DATA IN THIS EXERCISE:
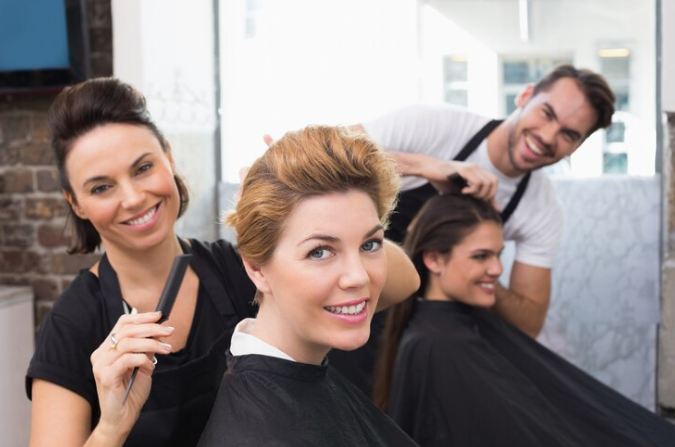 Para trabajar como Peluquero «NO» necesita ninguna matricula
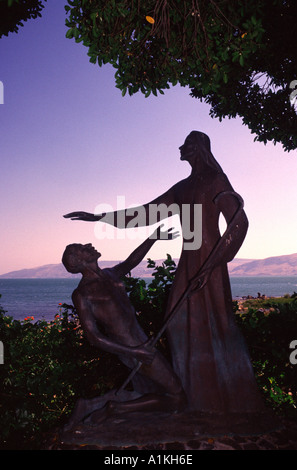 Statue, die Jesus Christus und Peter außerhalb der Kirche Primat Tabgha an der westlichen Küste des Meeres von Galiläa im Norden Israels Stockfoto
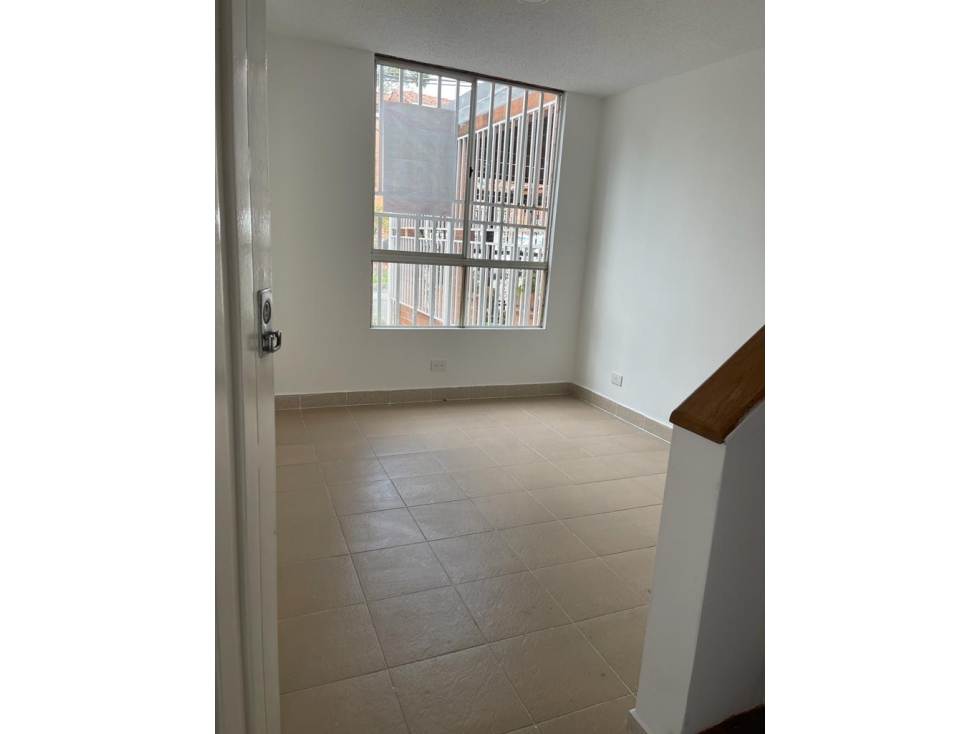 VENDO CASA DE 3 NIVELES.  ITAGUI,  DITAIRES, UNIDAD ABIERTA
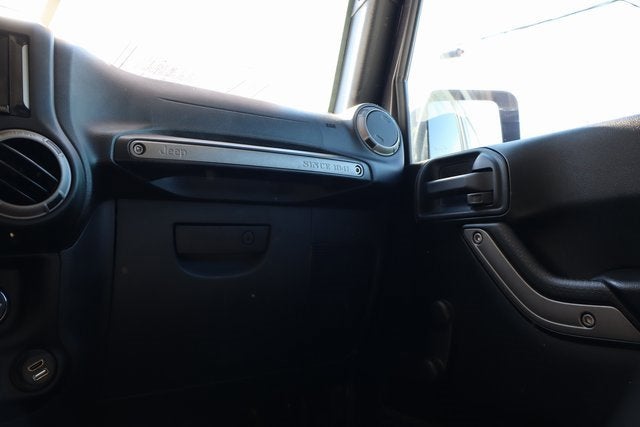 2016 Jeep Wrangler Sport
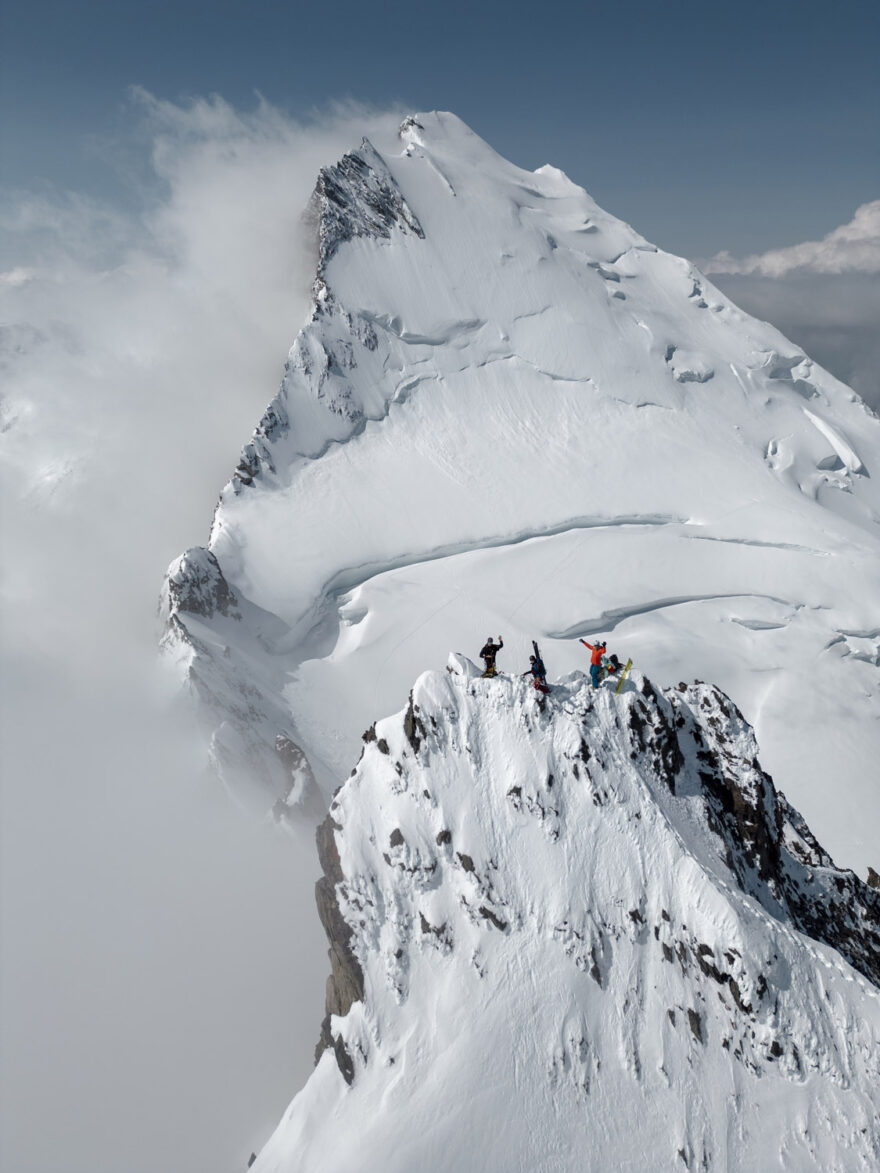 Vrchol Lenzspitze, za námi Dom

WHAT THE TASK ASKS: Leaving aside every picture, transcribe exactly the lines that run from the one with "VENDO CASA DE" to the close of the listing above.

WRITTEN RESPONSE:
 VENDO CASA DE 3 NIVELES.  ITAGUI,  DITAIRES, UNIDAD ABIERTA
 2016 Jeep Wrangler Sport
 Vrchol Lenzspitze, za námi Dom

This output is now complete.